[Dataset entries — start]

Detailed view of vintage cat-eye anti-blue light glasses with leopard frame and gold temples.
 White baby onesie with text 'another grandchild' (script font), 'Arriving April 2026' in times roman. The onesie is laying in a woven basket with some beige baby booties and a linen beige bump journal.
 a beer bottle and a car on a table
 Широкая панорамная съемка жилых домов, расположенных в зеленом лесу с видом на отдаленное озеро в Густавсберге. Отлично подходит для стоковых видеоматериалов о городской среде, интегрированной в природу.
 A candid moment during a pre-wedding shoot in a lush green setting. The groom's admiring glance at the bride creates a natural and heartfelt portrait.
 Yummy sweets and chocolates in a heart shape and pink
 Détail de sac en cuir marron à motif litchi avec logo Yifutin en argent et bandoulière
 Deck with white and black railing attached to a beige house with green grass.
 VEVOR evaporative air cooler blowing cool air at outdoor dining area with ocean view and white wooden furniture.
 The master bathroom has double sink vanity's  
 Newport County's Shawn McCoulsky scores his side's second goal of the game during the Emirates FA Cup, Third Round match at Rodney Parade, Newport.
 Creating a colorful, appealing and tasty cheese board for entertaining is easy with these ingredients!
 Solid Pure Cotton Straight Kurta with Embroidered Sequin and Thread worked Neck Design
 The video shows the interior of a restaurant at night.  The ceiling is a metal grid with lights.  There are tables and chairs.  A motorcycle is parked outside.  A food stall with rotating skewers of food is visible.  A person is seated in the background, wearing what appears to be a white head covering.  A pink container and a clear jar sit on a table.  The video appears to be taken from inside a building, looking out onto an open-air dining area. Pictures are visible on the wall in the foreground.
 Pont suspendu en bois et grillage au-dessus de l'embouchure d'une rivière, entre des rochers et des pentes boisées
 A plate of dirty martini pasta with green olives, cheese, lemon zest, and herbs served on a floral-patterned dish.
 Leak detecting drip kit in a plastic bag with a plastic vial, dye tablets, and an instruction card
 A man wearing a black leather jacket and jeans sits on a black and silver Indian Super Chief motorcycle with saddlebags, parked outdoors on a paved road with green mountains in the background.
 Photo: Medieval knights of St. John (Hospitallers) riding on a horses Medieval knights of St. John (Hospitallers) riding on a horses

[Dataset entries — finish]

- What needs to be done -
Among the lines of the records above, count those holding the string "black", and report only the number.

- Output -
2